Saturday, March 22, 2003

Pro-Peace Is Pro-America

Please read this entry by Atrios discussing the Clear Channel-sponsored (and government-sponsored) "patriotic" pro-war rallies held across the country. If any of these got a minyan it was probably due to the music and freebies, but I haven't been watching statecorporate-run TV so I couldn't possibly say. In any case, it sounds awfully close to Nuremberg, a point also made by Ted Rall a few days ago (as mentioned in yesterday's entry). The difference between the folks who attend peace rallies and the folks who attend war rallies (as opposed to the corporations who organize them? We aren't calling for them to be jailed or move to Argentina or implying they don't love America, because we know they do just as much as we do. We know that sometimes people do reprehensible things in the name of love. We're just suggesting that love should perhaps express itself as something other than hatred or xenophobia or jingoism.

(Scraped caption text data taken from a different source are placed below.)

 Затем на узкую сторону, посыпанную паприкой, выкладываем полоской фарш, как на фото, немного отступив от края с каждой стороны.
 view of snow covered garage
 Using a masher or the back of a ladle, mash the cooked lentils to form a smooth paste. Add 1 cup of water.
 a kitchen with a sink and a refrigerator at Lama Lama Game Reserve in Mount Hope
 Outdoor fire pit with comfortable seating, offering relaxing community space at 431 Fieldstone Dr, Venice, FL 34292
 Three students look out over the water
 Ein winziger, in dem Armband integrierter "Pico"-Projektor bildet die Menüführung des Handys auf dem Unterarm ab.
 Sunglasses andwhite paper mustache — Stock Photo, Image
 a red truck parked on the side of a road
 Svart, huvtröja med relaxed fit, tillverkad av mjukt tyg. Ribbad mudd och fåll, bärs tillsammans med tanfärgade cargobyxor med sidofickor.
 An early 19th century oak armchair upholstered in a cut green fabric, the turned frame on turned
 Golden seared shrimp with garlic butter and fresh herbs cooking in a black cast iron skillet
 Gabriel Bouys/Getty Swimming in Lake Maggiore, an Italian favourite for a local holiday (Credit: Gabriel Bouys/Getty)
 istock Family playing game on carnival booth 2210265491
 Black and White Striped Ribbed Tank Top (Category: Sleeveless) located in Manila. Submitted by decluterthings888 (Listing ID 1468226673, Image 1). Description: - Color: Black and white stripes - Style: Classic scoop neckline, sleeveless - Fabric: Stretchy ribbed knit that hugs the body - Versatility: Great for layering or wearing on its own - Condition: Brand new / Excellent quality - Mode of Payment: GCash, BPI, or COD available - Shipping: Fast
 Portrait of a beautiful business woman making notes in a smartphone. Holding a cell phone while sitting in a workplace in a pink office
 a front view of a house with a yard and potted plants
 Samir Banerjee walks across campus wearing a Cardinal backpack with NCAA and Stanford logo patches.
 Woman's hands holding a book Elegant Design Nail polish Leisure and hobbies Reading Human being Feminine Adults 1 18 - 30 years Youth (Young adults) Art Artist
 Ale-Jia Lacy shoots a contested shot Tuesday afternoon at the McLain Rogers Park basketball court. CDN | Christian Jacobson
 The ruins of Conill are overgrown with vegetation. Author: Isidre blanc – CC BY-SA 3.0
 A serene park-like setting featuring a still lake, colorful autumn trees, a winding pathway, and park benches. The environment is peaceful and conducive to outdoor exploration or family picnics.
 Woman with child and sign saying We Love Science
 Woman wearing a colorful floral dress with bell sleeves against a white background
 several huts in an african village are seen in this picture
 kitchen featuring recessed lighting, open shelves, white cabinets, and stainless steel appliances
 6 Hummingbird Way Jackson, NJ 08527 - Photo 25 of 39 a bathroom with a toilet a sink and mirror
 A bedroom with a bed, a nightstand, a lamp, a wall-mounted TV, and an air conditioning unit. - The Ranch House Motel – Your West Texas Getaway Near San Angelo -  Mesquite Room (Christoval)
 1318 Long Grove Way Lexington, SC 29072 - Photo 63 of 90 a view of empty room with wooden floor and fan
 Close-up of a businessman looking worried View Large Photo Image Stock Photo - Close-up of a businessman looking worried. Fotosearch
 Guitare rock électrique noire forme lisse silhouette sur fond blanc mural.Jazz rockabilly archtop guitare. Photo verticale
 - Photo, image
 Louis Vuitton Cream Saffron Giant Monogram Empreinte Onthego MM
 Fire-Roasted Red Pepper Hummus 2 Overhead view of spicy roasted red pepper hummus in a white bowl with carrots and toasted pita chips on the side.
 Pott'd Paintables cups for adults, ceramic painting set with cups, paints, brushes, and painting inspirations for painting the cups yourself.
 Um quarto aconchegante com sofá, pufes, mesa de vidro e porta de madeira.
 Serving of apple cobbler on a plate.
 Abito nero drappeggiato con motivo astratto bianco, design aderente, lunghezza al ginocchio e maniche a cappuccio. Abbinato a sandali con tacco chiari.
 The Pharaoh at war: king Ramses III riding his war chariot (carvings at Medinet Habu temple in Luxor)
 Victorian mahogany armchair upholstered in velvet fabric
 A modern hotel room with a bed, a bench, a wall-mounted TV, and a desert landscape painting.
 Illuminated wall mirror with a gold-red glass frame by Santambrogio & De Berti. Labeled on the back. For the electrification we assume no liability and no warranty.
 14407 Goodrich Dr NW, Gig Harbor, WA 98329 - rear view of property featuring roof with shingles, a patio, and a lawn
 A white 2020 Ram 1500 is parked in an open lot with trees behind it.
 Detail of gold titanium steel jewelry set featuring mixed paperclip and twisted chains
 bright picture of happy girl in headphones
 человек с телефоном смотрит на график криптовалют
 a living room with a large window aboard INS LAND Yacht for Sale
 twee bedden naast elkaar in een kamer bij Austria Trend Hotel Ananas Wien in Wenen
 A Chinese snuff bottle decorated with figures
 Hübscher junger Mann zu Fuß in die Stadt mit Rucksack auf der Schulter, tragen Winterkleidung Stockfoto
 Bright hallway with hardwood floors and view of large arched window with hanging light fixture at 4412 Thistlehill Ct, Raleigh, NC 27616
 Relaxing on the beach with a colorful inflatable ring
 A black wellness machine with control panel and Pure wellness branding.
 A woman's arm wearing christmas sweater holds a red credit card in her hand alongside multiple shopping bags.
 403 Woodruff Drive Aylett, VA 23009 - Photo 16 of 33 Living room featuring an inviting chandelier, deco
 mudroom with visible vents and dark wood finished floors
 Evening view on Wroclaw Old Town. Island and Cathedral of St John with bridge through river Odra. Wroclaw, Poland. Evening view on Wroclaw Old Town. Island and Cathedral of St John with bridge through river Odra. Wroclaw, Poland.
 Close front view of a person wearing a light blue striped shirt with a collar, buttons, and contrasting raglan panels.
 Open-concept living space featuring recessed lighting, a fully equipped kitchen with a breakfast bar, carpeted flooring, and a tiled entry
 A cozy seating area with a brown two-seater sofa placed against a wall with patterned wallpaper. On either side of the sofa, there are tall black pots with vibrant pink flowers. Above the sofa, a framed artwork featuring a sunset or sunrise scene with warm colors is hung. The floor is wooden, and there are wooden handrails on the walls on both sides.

A very revered prophet a couple thousand years ago made a direct link between love and peace. It would seem obvious to many of us that to be pro-war is to be anti-love, anti-Christian, anti-life, and certainly anti-American. But we must remember these people are all capable of great love, the same as we are. And we must appeal to that capacity for love if our message of peace has any sort of prayer of getting through to them. Working Assets' billboards are, I believe, a nice example - although, again, I'd like to see their website proclaim them as "pro-peace" rather than "anti-war." (In any case, as they're my long-distance carrier and my last statement showed a credit of $12 or so I've just e-mailed them telling them to put that credit towards this fund.) I'm trying to bear in mind, especially now, my old switchboard training wherein I was taught to only use positive words. If someone's away from the office when they receive a call, you don't say "He's not in," you say "He's out." Conveying the exact same information but eliminating the negative words (not, anti, never, against, etc.) not only puts the listener or reader in a more receptive frame of mind, but challenges you as the speaker or writer to find more inspiring ways of communicating. I think this is vital for the pro-peace and pro-democracy movements. The more the war efforts assault the language, the more peace efforts need to prop it up and make it stand for something noble and righteous again.